今回ご紹介するのはこの本。
真相—マイク・タイソン自伝
不世出の天才ボクサー、マイクタイソンの自伝です。
この本、各方面で絶賛されていますが、確かに「すごい」としか形容しようがない本です。
人生を形容するのに「波瀾万丈」という言葉があります。これまでの私の人生も平均的な日本人からすると波瀾万丈だと思うのですが、タイソンの1日分にも相当しません。
なにしろ東京ドームでKO負けを喫した時点で、まだこの本の半分も終わっていません。
まだ波乱に満ちた人生が続くのです。
ここは絶対世間に誤解されているところですが、タイソンは凶獣などではなく、実は読書家です。
おそらく歴代ボクサーの中で読書量は一番で、ボクシングの歴史に関して言えば知識量は世界一でしょう。
それゆえ、共著がいるものの、ニーチェを引用するなど語り口がおもしろいのです。
この本のテーマをむりやりまとめると「栄光と転落と再生」ということになるのでしょう。

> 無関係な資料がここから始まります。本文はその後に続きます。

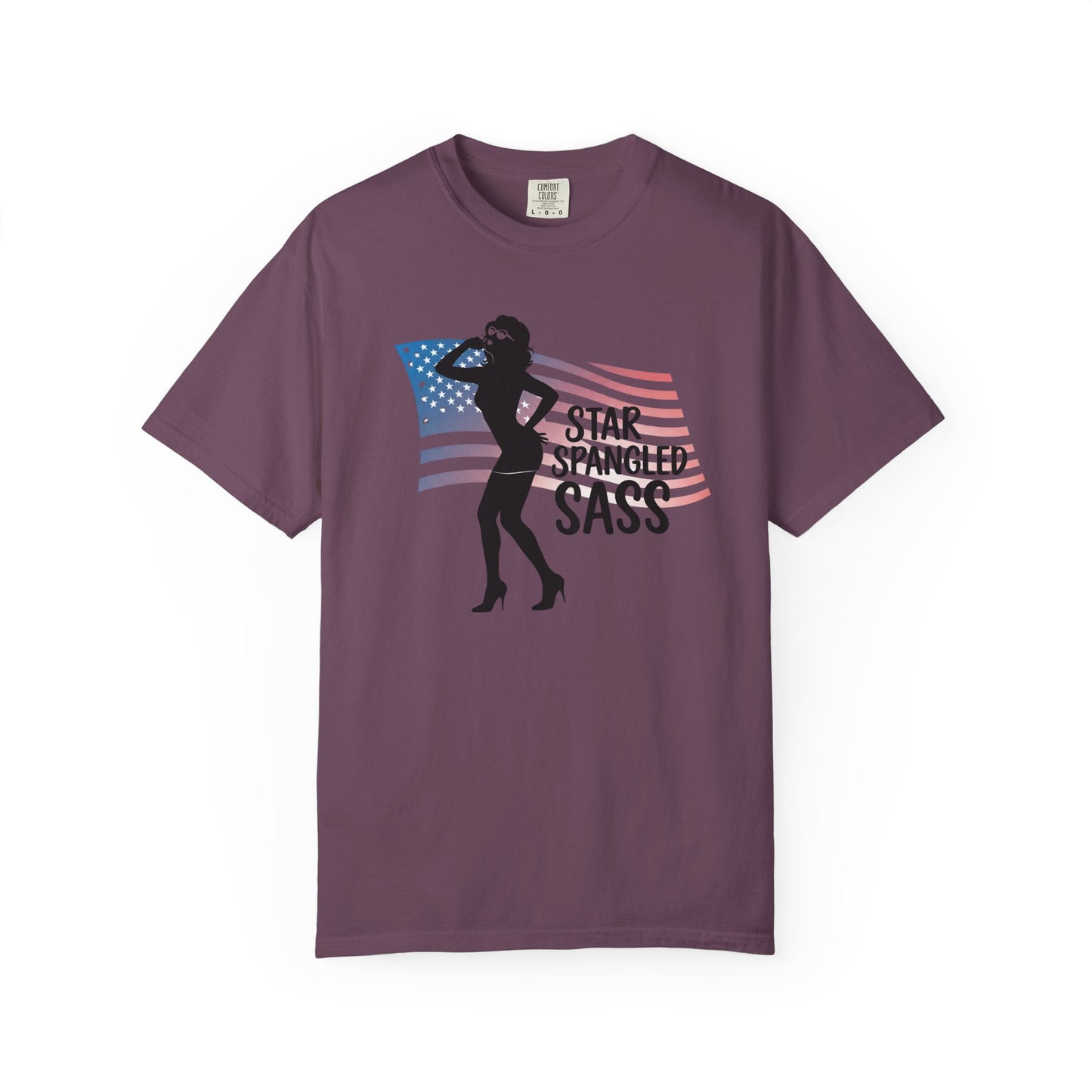 Star Spangled Sass Tee for Independence Day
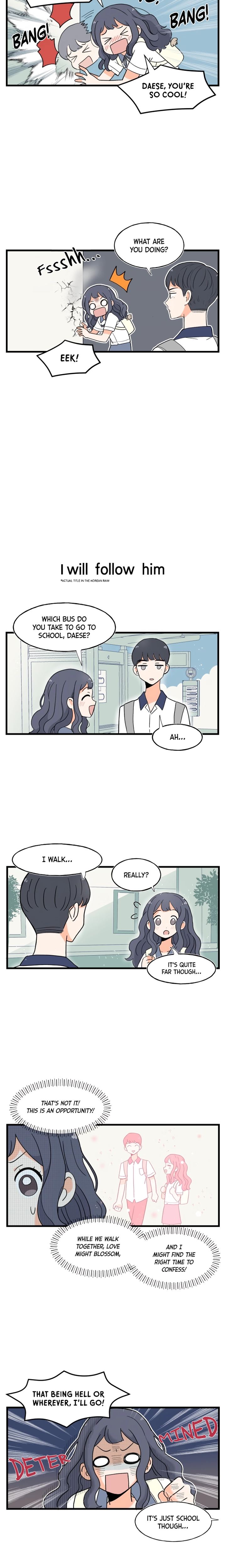 This Manhwa Ends When I Confess chapter 2 page 5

いや「無茶苦茶」という表現の方が適切かもしれません。
なにしろ道を歩いている女、全員とヤレたとか。(事前に断っておくと、下品な表現が所々出てくるので電車の中で読むのがはばかれれます)
なんと服役中も、刑務所の中で麻薬のカウンセリングプログラムの女性講師と何度も肉体関係を持っています。
ドラッグ漬けの状態で防衛記録を重ねていくのもデタラメだし、それで圧勝し続ける能力もおかしい。
https://uk.wikipedia.org/wiki/%D0%A4%D0%B0%D0%B9%D0%BB:Mike_Tyson_2019_by_Glenn_Francis.jpg
アルコールや薬物依存からの脱却の困難、黒人最下層の人生の絶望、師匠カスダマトの無償の愛、ケタ外れの才能、「最強」の称号と莫大なファイトマネーを手に入れた享楽的な日々、そんなタイソンを陥れようとする他人の悪意、埋められない孤独。
読み取れるテーマがあまりに多すぎて全部書き出すとキリがありません。
そこで葬儀屋さんである私は死と「葬儀」という切り口でタイソンを語りたいと思います。
タイソンは黒人のスラム街出身だったこともあって 身内や仲間がどんどん死んでいきます。
スラムを懐かしんで、成功後も度々戻ってくるタイソンに「ここにもどってきちゃダメだ」と諭した友人が死んでいく描写はすごく切ないです。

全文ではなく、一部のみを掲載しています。